7,5 Milliarden Euro Marktpotenzial beim Thema Wandern in Deutschland

„7,5 Milliarden Euro pro Jahr werden rund ums Thema Wandern ausgegeben“, unterstrich Al-Wazir. Das entspricht 187 Euro pro Wanderer: Vom Tagesausflügler, der täglich im Schnitt 16 Euro am Ort lässt, bis zum Übernachtungsgast mit einer Ausgabe von 56 Euro pro Tag.

Kubat verwies auf die drei „Megatrends“, die laut Deutschem Rat für Wirtschaft die Zukunft prägen würden: „die Digitalisierung, die Bio-Technologie und auf Platz drei tatsächlich der Tourismus.“

Zwar verzeichne Frankfurt in Hessen die größte Übernachtungszahl, ergänzte Al-Wazir, „doch bei der Tourismus-Intensität, bezogen auf die Einwohnerzahl, liegt Waldeck-Frankenberg weit vorn.“ Weiteres, großes Potenzial schlummert, meinte Thorwirth: „Wir haben eine so großartige Gegend und so schöne Städte.
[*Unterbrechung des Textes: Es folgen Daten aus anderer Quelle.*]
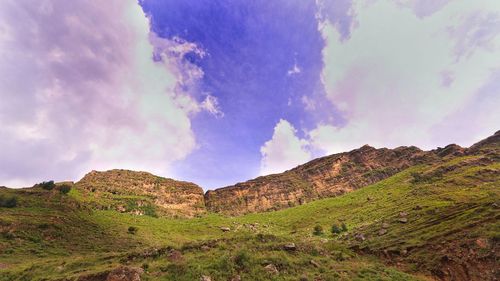 Panoramic view of landscape against sky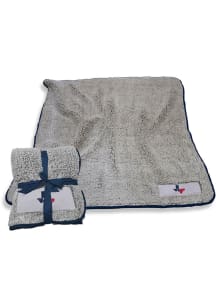 Texas State Outline Frosty Sherpa Blanket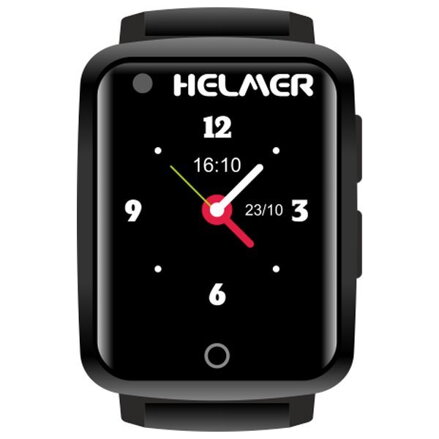 ROZBALENÉ - HELMER seniorské hodinky LK 716 s GPS lokátorem/ dot. disp./ snímač srdečního tepu/ nano SIM/ IP67/ 4G/ Andro...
Die Leute müssen das nur kennenlernen.“

Mit größerer Bekanntheit und Beliebtheit durch Mundpropaganda nach dem Deutschen Wandertag rechnet Ute Kühlewind: „Wir wollen, dass die Gäste gleich im Herbst zurückkehren.“ Wie die Landesgartenschau 2006 werde der Wandertag dazu beitragen, die Gästestruktur in Bad Wildungen dauerhaft zu verändern: mit wachsendem Anteil an Menschen, die im Aktiv-Urlaub fit und gesund bleiben wollen, statt sich zur Reha in der Stadt aufzuhalten.

Deutscher Wandertag 2020 übt "gesunden Druck" auf Anbieter aus

Vom Deutschen Wandertag 2020 erhofft sich Ute Kühlewind außerdem „einen gesunden Druck auf die Anbieter“, etwa in Gastronomie und Hotellerie. Die Besucher des Wandertages brächten Ansprüche mit, „und sowohl bei der Qualität als auch bei der Quantität müssen wir im Kreis zulegen“, unterstrich auch Reinhard Kubat.

Er würdigte die Rolle von Hubert Thorwirth, ohne dessen nachdrückliche Initiative es das Ereignis in Bad Wildungen nicht geben würde: den 120. deutschen Wandertag, den ersten in Hessen seit der Ausgabe 2009 von Willingen und zugleich eine Rückkehr zu den Anfängen. Denn seine Premiere hatte der Deutsche Wandertag 1911 in Bad Wildungen gefeiert.

Die Vorbereitungen zum Deutschen Wandertag 2020 sind längst weit gediehen.